Создается анекдотичная ситуация прямо противоположная общепринятому принципу демократического общества, основным ядром которого считается средний класс. В ситуации подобной киргизской – средний класс является основой силы режима, так как основные коррупционные выплаты идут от бизнесменов среднего класса, неспособных, ввиду отсутствия эффективной венекулярной партийной системы и неэффективности гражданского общества, обеспечить свое представительство в государственных или представительских органах.
В подобной системе при отсутствии достаточного количества ресурсов, контролируемых непосредственно государством, режим может функционировать лишь при условии постепенной монополизации как незаконных выплат (как это предпринималось в Туркмении), так и монополизации экономического сектора, находящегося в исключительно привилегированном положении. В России государство вновь стремится поставить под свой контроль крупный бизнес, например, случай с ЮКОСом; в Казахстане Назарбаев не выпустил из рук большую часть экономического наследия Союза, хотя очень многие жаждут этого.
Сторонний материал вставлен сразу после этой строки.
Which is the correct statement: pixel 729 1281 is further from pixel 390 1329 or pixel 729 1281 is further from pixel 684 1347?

В случае с режимом Акаева, семьей были созданы собственные бизнес-структуры, которые постепенно захватывали крупный бизнес в нашей стране. Захват крупного бизнеса в Киргизии со стороны семьи Акаевых мы объясняем не столько жадностью его членов, а сколько логикой постсоветской управляющей системы, способом ее самосохранения. Революция позволила предотвратить превращение Киргизии в политическую и экономическую вотчину семьи Акаевых, хотя ее трудно назвать буржуазной или демократической и тем более народной.
Революция местных элит
Сохранность системы политического контроля над обществом и другими уровнями государственного аппарата (что, возможно, более важно), во многом зависит от того, сможет ли та или иная господствующая верхушка первого П-уровня (график 1), в случае ухода с политической арены политика, правящего страной, обеспечить преемственность власти, и, следовательно, собственное самосохранение, гарантирующее стабильное управление. Другими словами, способность правящей элиты П-уровня, аккуратно снять голову (если все возможности удерживать ее прямо, т.е. источники общей легитимности, исчерпаны) и заменить ее другой – определяет работоспособность системы и стабильность страны в целом. Получается, что высший уровень властной пирамиды, в условиях постсоветской традиции подтверждения легитимности путем выборов, является также самой уязвимой ее частью. Власть на данном уровне может передаваться только посредством назначения преемника из самого П-уровня, что является чуть ли не единственным способом воспроизводства элиты на высшем государственном посту и способом сохранения верховной власти элитой П-уровня. Пока что мы имеем несколько примеров удачных или неудачных попыток обеспечения преемственности: лидеры России и Азербайджана сумели обеспечить условия для передачи власти преемнику; Грузия, Украина и Киргизия с их цветными революциями стоят в ряду неудачных способов или попыток обеспечения преемственности власти первым уровнем, что и привело к смене высших элит в этих странах. Анализируя и прогнозируя будущую политическую ситуацию в других странах СНГ, где лидеры будут вынуждены передать власть в силу исчерпания легитимности, [15] мы должны сравнивать ситуации в перечисленных пяти странах. Так, например, было очевидно, что семья лидера страны играла важную роль в этой системе на всем постсоветском пространстве, но в малых странах, таких как Азербайджан и Киргизия, семья практически полностью занимала первый П-уровень. Следовательно, сама система толкала эти страны на семейную преемственность власти, что было невозможно, например, в России, не только из-за цивилизационного различия, но и из-за большего количества игроков на самом высшем уровне. Возможно это, в свою очередь, и повлияло на решение Бориса Ельцина на назначение своим преемником Путина – совсем неизвестного тогда «человека со стороны».[16]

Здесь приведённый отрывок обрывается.